Task requirements: The line holding "A hotel room" is the last one to output; start at the first line of the data, keep every line in between exactly, and leave out pictures.

Given data:
· · · · ·

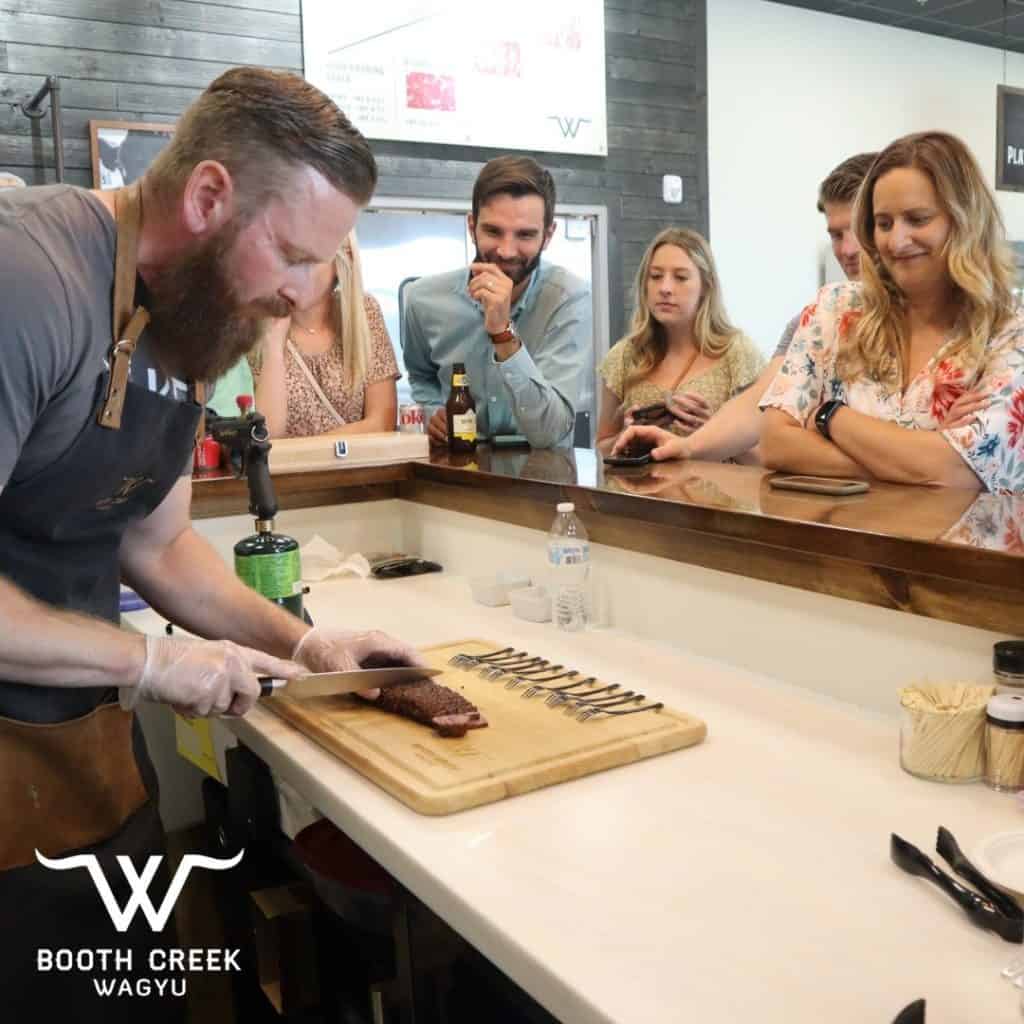 A chef slices Wagyu beef on a wooden cutting board while several people watch attentively from behind a counter. The setting appears to be a butcher shop or culinary demo area. A logo for Booth Creek Wagyu is visible in the bottom left corner of the image.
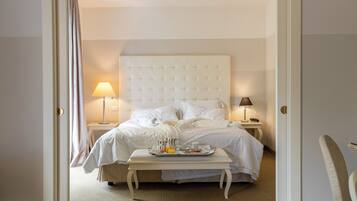 A hotel room with a bed, bedside tables, a tray table with breakfast items, and slippers on the floor.
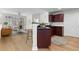 Open kitchen and living area with stainless appliances and hardwood floors, bright and modern at 390 17Th Nw St # 1063, Atlanta, GA 30363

· · · · ·

Result of this exercise:
 A chef slices Wagyu beef on a wooden cutting board while several people watch attentively from behind a counter. The setting appears to be a butcher shop or culinary demo area. A logo for Booth Creek Wagyu is visible in the bottom left corner of the image.
 A hotel room with a bed, bedside tables, a tray table with breakfast items, and slippers on the floor.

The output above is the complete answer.